Hildegard Westerkamp
composer


Hildegard Westerkamp was born in Osnabrück, Germany in 1946 and emigrated to Canada in 1968. After completing her music studies in the early seventies her ears were drawn to the acoustic environment as another cultural context or place for intense listening. Whether as a composer, educator, or radio artist her work has focused on environmental sound and acoustic ecology since the mid-seventies.

She has taught courses in Acoustic Communication at Simon Fraser University in Vancouver and is giving lectures, and conducting soundscape workshops internationally. She is a founding member and is currently active on the board of the World Forum for Acoustic Ecology (WFAE). Between 1991 and 1995 she was the editor of The Soundscape Newsletter and is now on the editorial committee of Soundscape: The Journal of Acoustic Ecology, a new publication of the WFAE.

Her compositions have been performed and broadcast in many parts of the world. The majority of her compositional output deal with aspects of the acoustic environment: with urban, rural or wilderness soundscapes, with the voices of children, men and women, with noise or silence, music and media sounds, or with the sounds of different cultures, and so on. She has composed film soundtracks and sound documents for radio and has produced and hosted radio programs such as Soundwalking and Musica Nova on Vancouver Co-operative Radio.

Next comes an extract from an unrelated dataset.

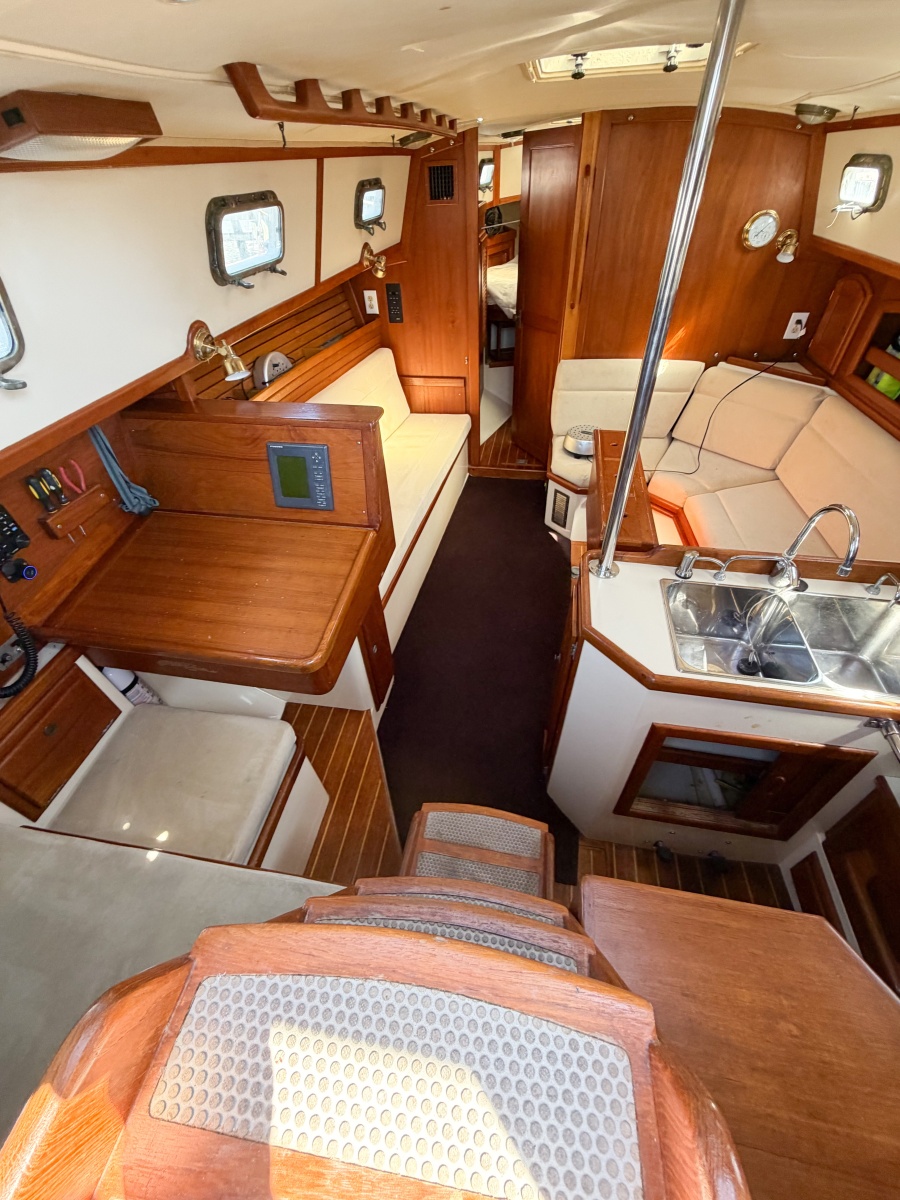 1998 Pacific Seacraft 37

In a number of compositions she has combined her treatment of environmental sounds extensively with the poetry of Canadian writer Norbert Ruebsaat. She also has written her own texts for a series of performance pieces for spoken text and tape. In addition to her electroacoustic compositions, she has created pieces for specific "sites", such as the Harbour Symphony and école polytechnique. In pieces like Visiting India she explores the deeper implications of transferring environmental sounds from another culture into the North American and European context of electroacoustic composition and audio art culture. Most recently she collaborated with her Indian colleagues Mona Madan, Savinder Anand, and Veena Sharma on a sound installation in New Delhi entitled Nadaan Experience in Sound, sponsored by the New Delhi Goethe Institut (Max Mueller Bhavan) and the Indira Ghandi National Centre for the Arts.

By focusing the earsą attention to details both familiar and foreign in the acoustic environment, Westerkamp draws attention to the inner, hidden spaces of the environment we inhabit. On the edge between real and processed sounds she creates sonic journeys in her compositions that reveal both the contradictions and visions of beauty in todaysą world.